# Excerpted records
================

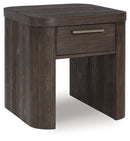Neo - Square End Table - Rich Brown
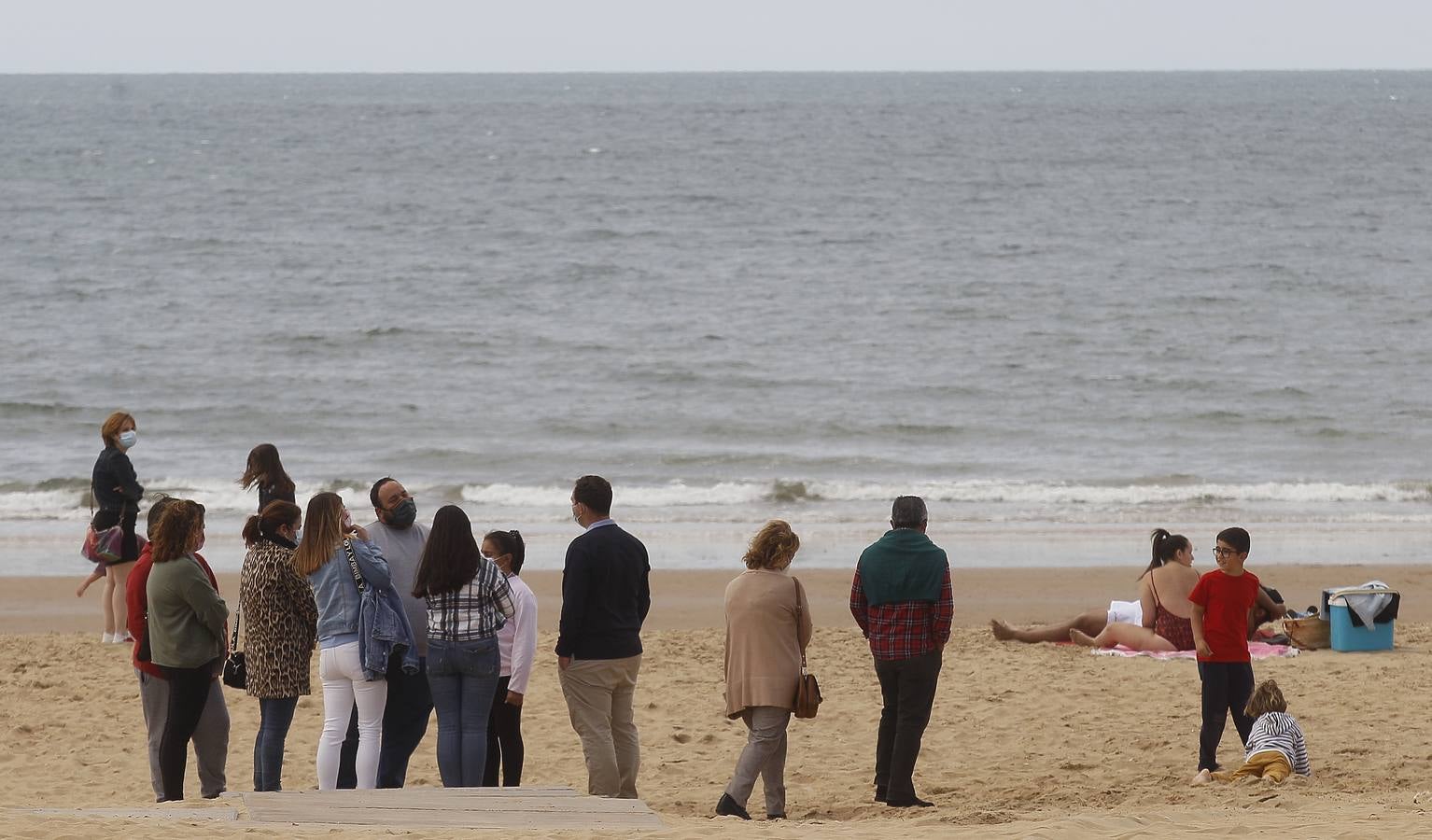 Ambiente este sábado en algunas playas onubenses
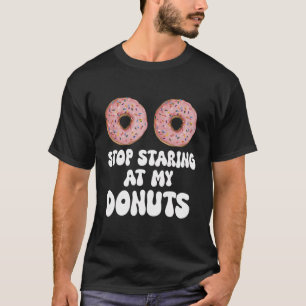 Hör auf, an meinem Donuts lustiges Halloween-Kostü T-Shirt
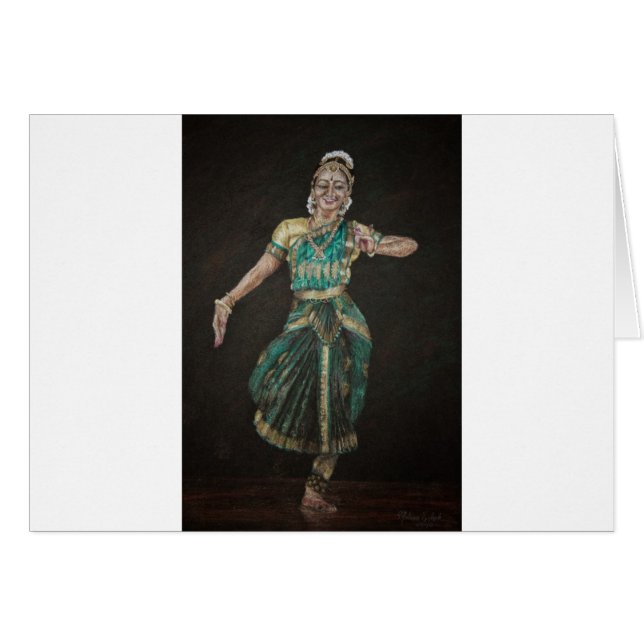Bharatanatyam Dancer (Voorkant Horizontaal)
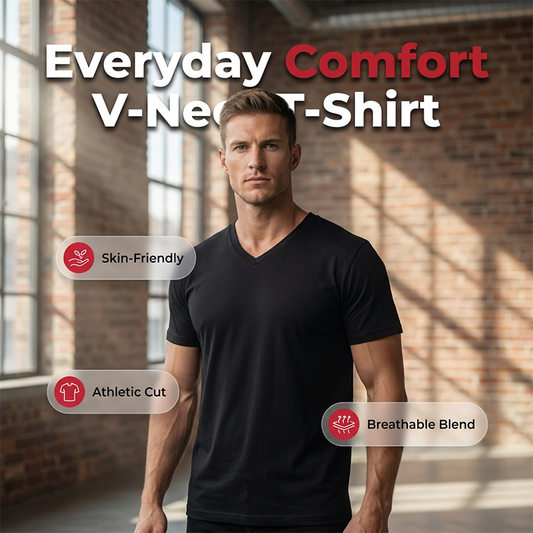 📢📢50% OFF !! ⏰Men's Classic Casual  V-Neck T-Shirt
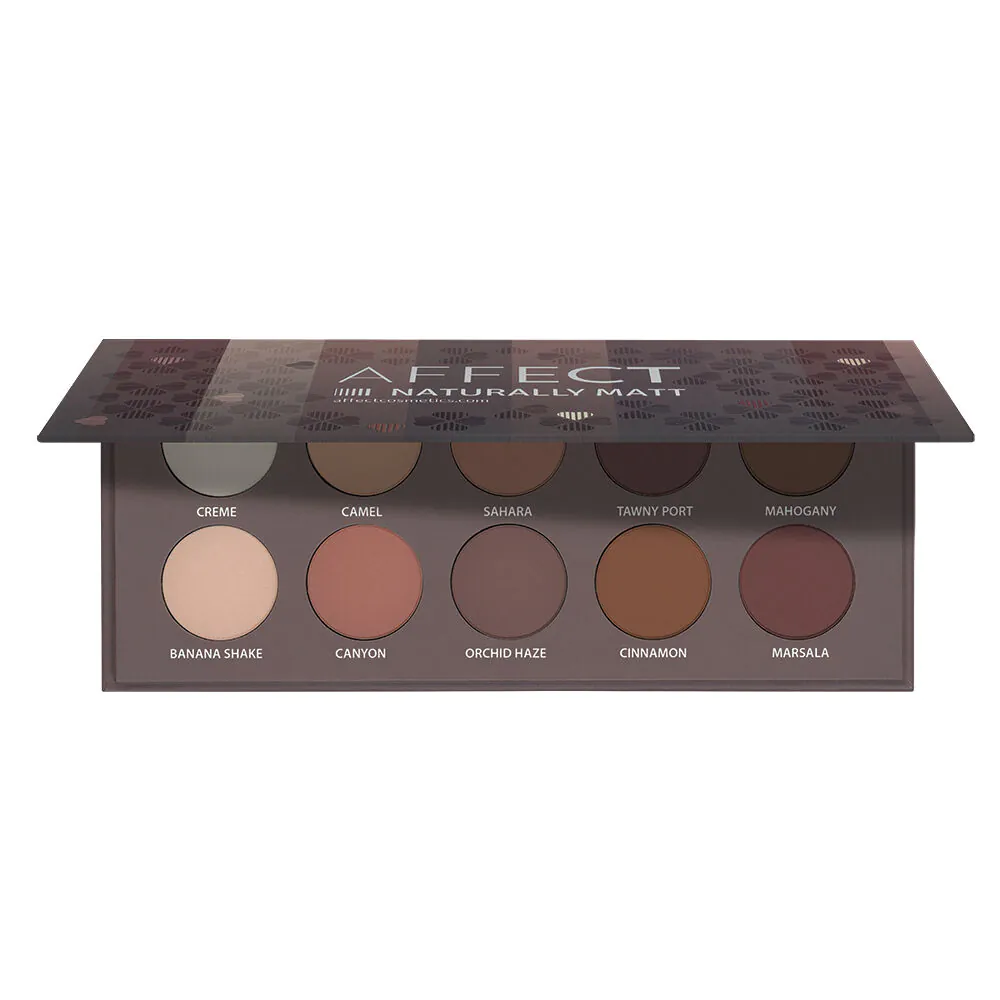 Affect Paleta Cieni Prasowanych Naturally Matt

================

# Aim of the exercise
Only those lines from the one containing "Ambiente este sábado" to the end of the material above, retyped exactly and without pictures, belong in your reply.

# Output of the task
 Ambiente este sábado en algunas playas onubenses
 Hör auf, an meinem Donuts lustiges Halloween-Kostü T-Shirt
Bharatanatyam Dancer (Voorkant Horizontaal)
 📢📢50% OFF !! ⏰Men's Classic Casual  V-Neck T-Shirt
 Affect Paleta Cieni Prasowanych Naturally Matt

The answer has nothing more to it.